(What you need to do): In the entries that follow, the lines from the line containing "California Honey 7000 Puffs 5% Nicotine" up to and including the line containing "Macro 10X Filters" must be copied exactly, with pictures omitted.
#### Records to use
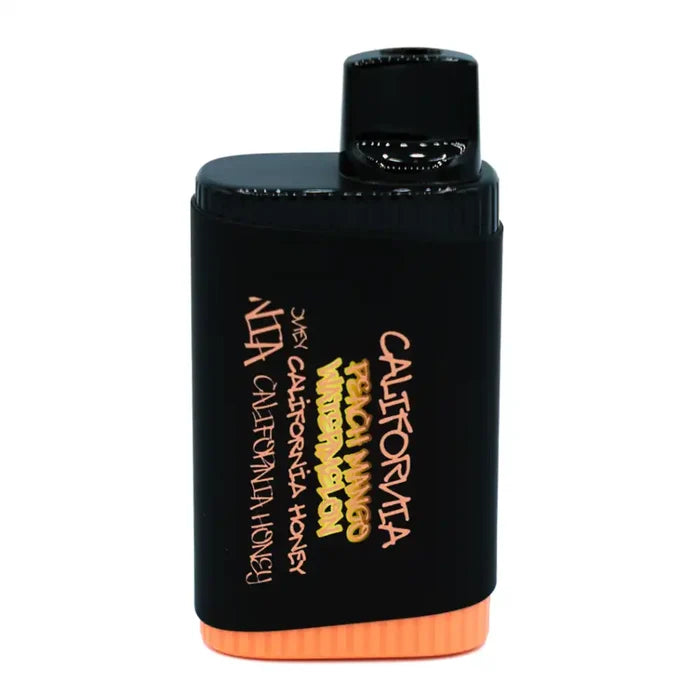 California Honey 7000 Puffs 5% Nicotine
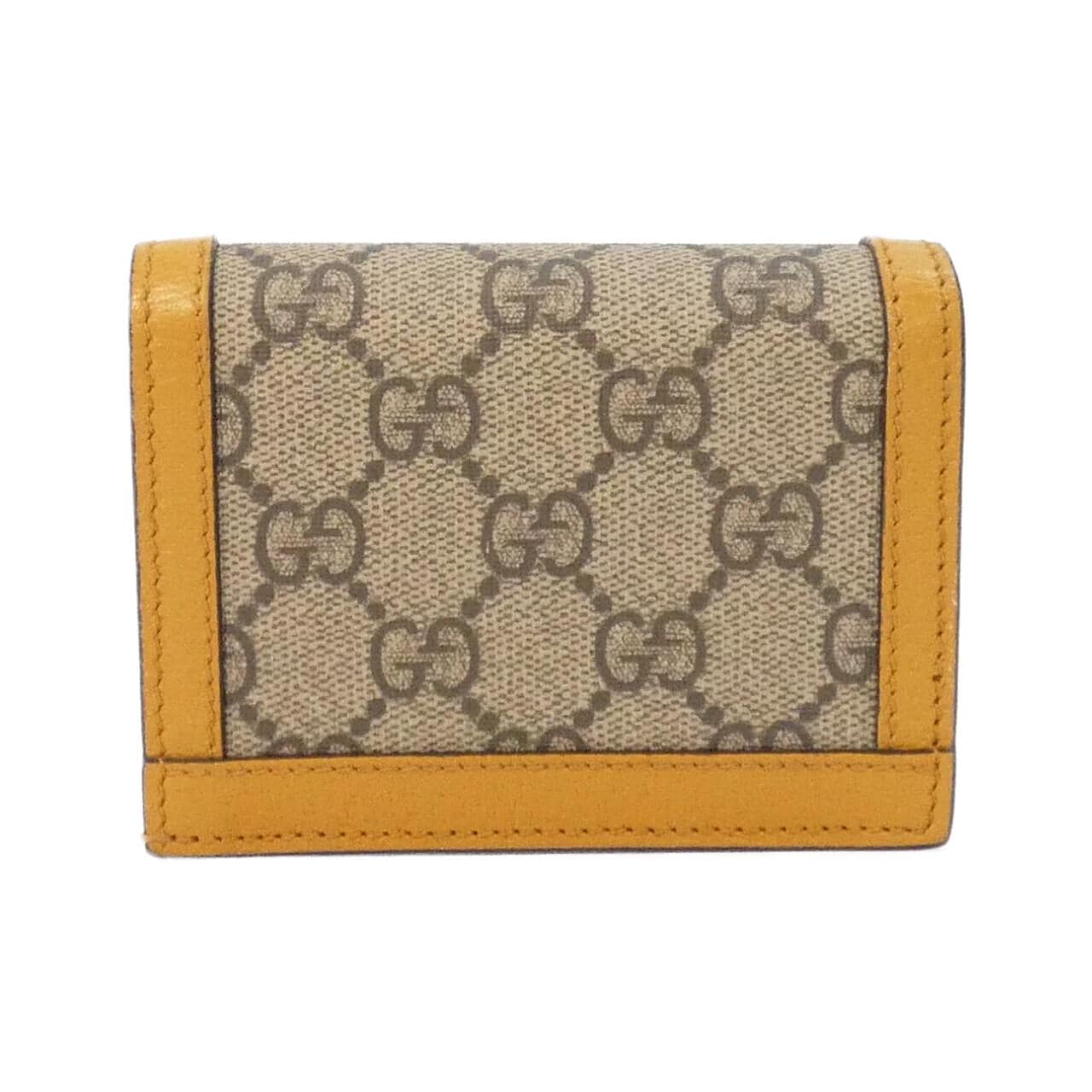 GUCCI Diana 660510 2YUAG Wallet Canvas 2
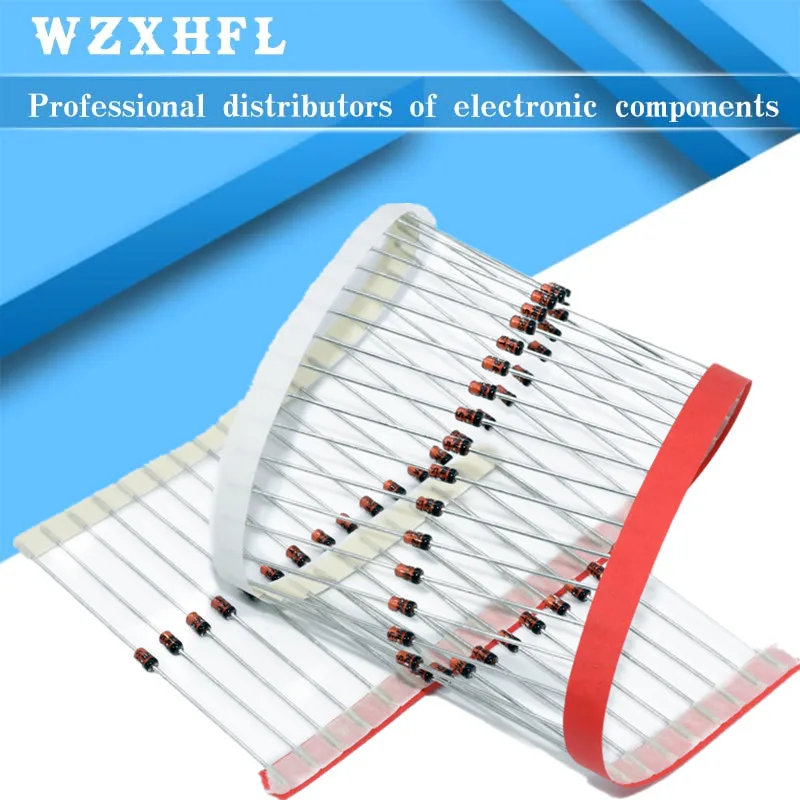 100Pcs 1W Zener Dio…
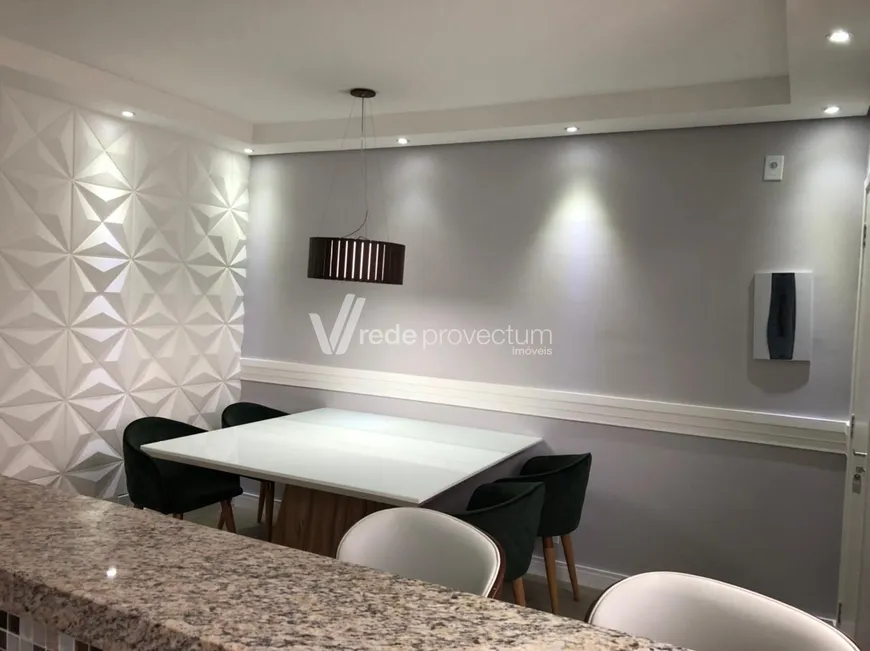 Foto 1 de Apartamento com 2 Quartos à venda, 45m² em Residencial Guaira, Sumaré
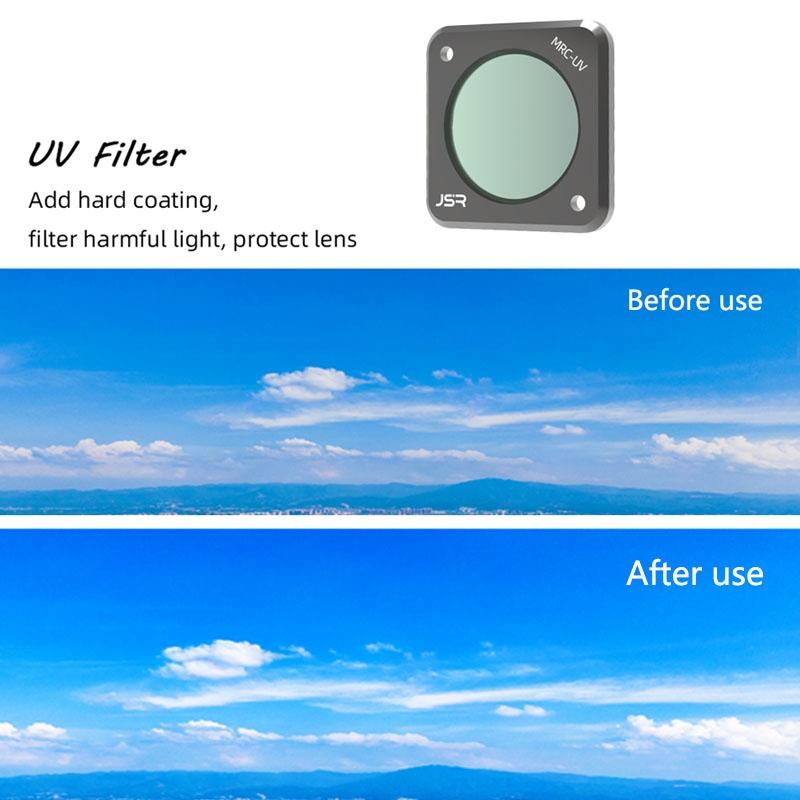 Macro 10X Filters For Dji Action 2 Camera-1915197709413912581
########
#### Records to use
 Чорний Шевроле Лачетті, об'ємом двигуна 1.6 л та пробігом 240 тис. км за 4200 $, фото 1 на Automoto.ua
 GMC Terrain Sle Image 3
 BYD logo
########
#### Records to use
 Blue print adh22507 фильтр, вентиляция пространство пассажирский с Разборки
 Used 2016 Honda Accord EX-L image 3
########
(Written response):
 California Honey 7000 Puffs 5% Nicotine
 GUCCI Diana 660510 2YUAG Wallet Canvas 2
 100Pcs 1W Zener Dio…
 Foto 1 de Apartamento com 2 Quartos à venda, 45m² em Residencial Guaira, Sumaré
 Macro 10X Filters For Dji Action 2 Camera-1915197709413912581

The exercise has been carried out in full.